**What to produce**
When a line below holds the string "this", show that line.

**Provided information**
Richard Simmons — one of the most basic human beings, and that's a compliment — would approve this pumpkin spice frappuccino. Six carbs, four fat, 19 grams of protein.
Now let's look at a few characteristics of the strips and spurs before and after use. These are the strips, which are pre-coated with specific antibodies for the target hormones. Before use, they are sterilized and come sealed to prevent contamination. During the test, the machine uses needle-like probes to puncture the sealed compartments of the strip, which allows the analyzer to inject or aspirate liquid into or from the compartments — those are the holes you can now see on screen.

* * *

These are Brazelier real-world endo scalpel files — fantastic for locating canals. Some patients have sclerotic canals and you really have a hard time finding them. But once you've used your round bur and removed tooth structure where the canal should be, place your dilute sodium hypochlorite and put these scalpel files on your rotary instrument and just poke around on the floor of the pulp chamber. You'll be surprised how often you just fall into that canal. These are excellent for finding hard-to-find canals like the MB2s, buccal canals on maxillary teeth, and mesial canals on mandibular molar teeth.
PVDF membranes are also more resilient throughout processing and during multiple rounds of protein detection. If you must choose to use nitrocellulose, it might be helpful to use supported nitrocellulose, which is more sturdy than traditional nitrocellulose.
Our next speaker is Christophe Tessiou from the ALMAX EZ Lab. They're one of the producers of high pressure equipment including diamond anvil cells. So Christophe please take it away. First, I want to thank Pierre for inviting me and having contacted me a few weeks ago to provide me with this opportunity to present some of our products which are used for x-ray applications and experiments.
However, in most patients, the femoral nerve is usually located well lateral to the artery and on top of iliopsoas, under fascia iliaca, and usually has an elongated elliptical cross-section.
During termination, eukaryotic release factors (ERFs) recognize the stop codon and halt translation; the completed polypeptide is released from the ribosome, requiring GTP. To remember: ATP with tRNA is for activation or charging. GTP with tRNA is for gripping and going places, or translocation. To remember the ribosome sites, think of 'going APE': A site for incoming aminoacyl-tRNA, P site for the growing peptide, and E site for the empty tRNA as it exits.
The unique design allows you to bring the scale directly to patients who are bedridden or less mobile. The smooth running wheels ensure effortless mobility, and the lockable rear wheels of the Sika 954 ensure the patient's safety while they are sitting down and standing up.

**Exercise output**
Richard Simmons — one of the most basic human beings, and that's a compliment — would approve this pumpkin spice frappuccino. Six carbs, four fat, 19 grams of protein.
Our next speaker is Christophe Tessiou from the ALMAX EZ Lab. They're one of the producers of high pressure equipment including diamond anvil cells. So Christophe please take it away. First, I want to thank Pierre for inviting me and having contacted me a few weeks ago to provide me with this opportunity to present some of our products which are used for x-ray applications and experiments.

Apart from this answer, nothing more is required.